▸ **Work required**:
In your copy, include every entry exactly as written but no pictures.

(Data extract Opens)

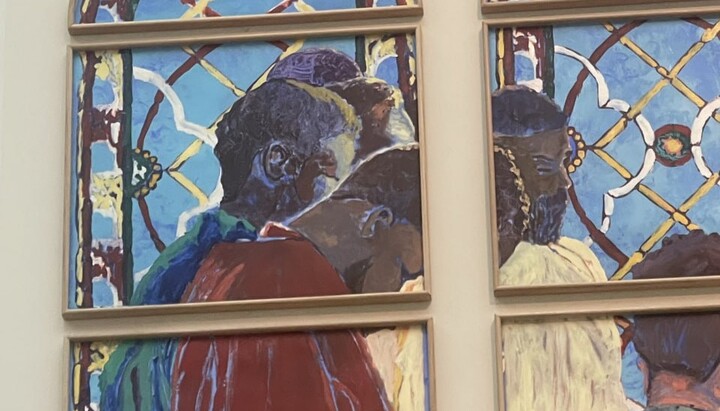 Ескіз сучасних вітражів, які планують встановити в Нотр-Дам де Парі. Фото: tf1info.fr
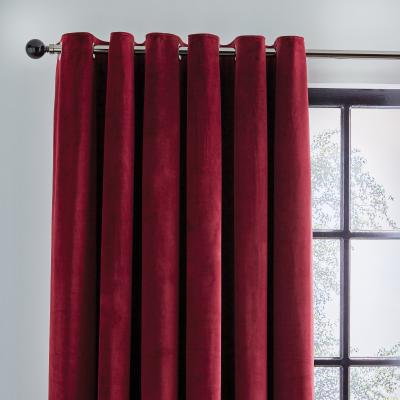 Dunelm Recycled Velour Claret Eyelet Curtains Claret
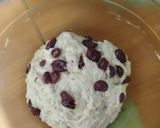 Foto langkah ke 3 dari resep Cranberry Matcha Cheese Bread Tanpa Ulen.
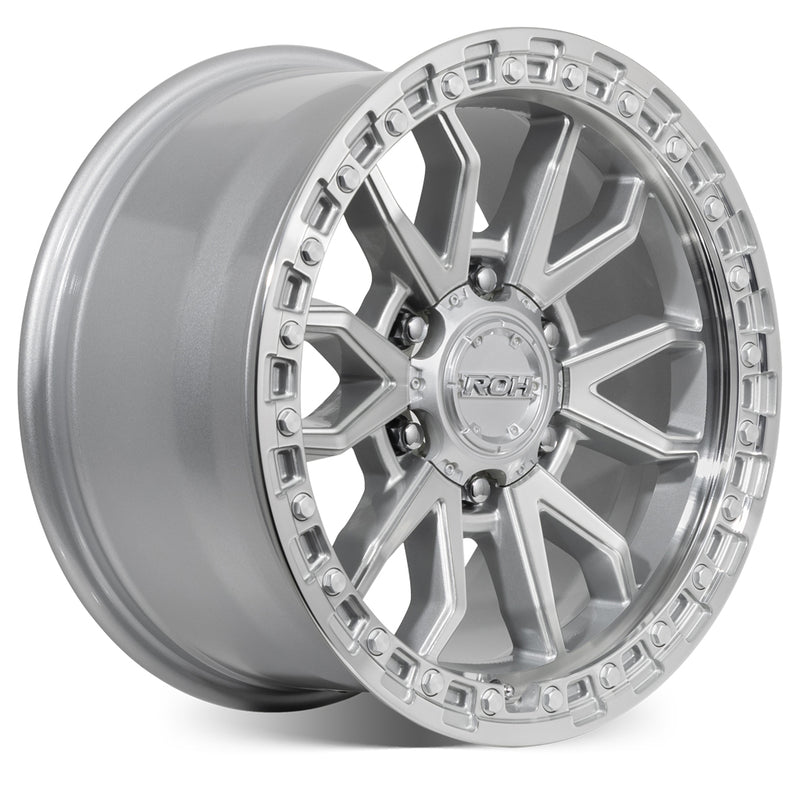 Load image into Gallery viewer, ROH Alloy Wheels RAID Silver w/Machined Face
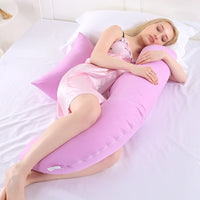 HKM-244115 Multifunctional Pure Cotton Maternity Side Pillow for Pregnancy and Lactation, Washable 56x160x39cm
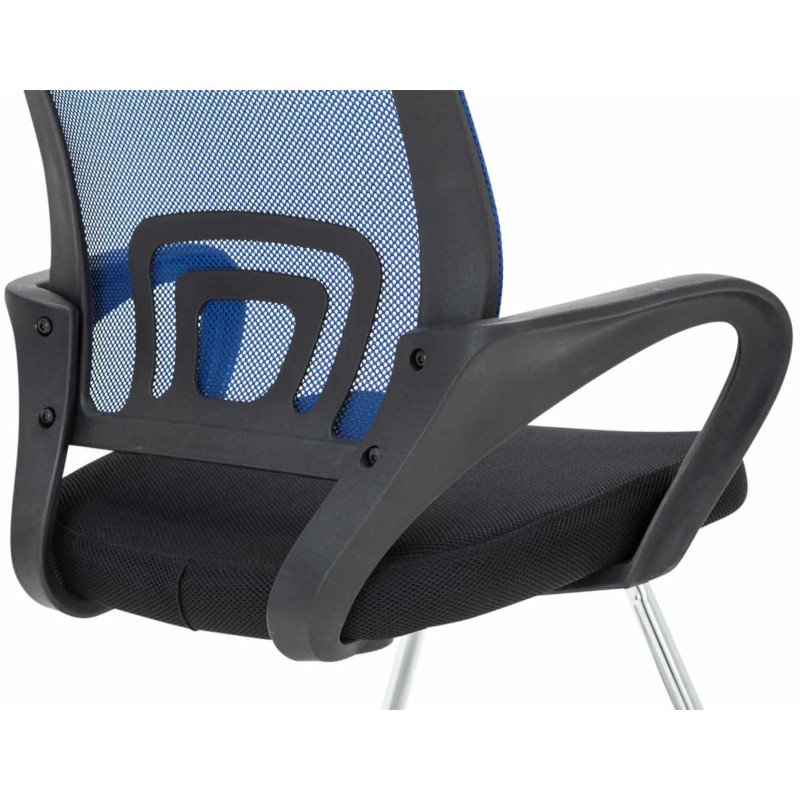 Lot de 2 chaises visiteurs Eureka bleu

(Data extract Closes)

▸ **Result of the task**:
 Ескіз сучасних вітражів, які планують встановити в Нотр-Дам де Парі. Фото: tf1info.fr
 Dunelm Recycled Velour Claret Eyelet Curtains Claret
 Foto langkah ke 3 dari resep Cranberry Matcha Cheese Bread Tanpa Ulen.
 Load image into Gallery viewer, ROH Alloy Wheels RAID Silver w/Machined Face
 HKM-244115 Multifunctional Pure Cotton Maternity Side Pillow for Pregnancy and Lactation, Washable 56x160x39cm
 Lot de 2 chaises visiteurs Eureka bleu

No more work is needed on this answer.